• [DIRECTIONS]: Without including the pictures, copy out every line below.

START PROVIDED DATA

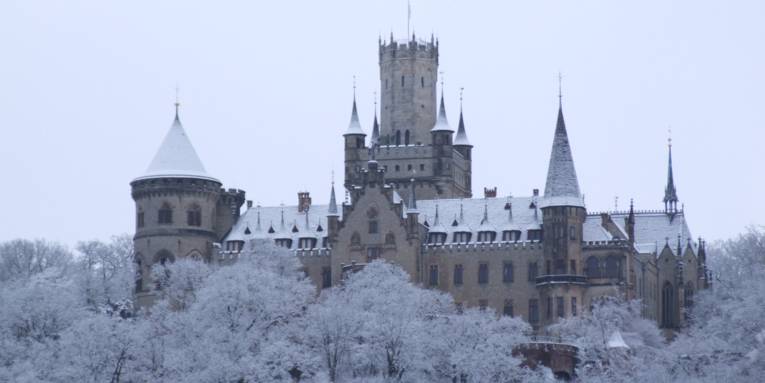 Winterliches Schloss Marienburg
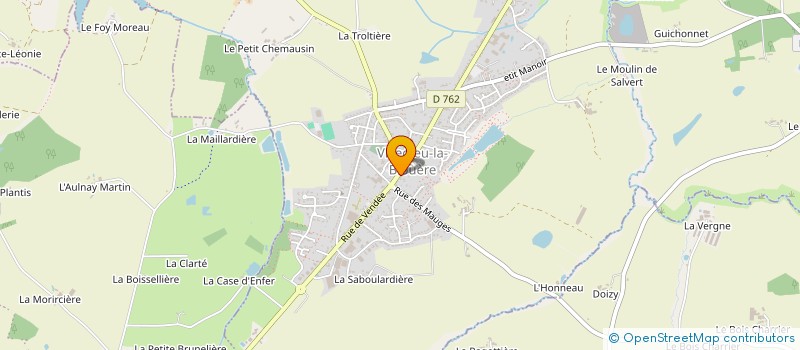 localisation de l'entreprise GAUDIN RENE GAUDIN MARIE-REINE à MONTREVAULT-SUR-EVRE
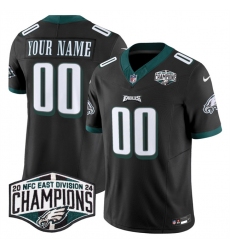 Men's Philadelphia Eagles Active Player Custom Black 2024 NFC East Champions F.U.S.E. Vapor Untouchable Limited Stitched Football Jersey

END PROVIDED DATA

• [TASK ANSWER]:
 Winterliches Schloss Marienburg
 localisation de l'entreprise GAUDIN RENE GAUDIN MARIE-REINE à MONTREVAULT-SUR-EVRE
 Men's Philadelphia Eagles Active Player Custom Black 2024 NFC East Champions F.U.S.E. Vapor Untouchable Limited Stitched Football Jersey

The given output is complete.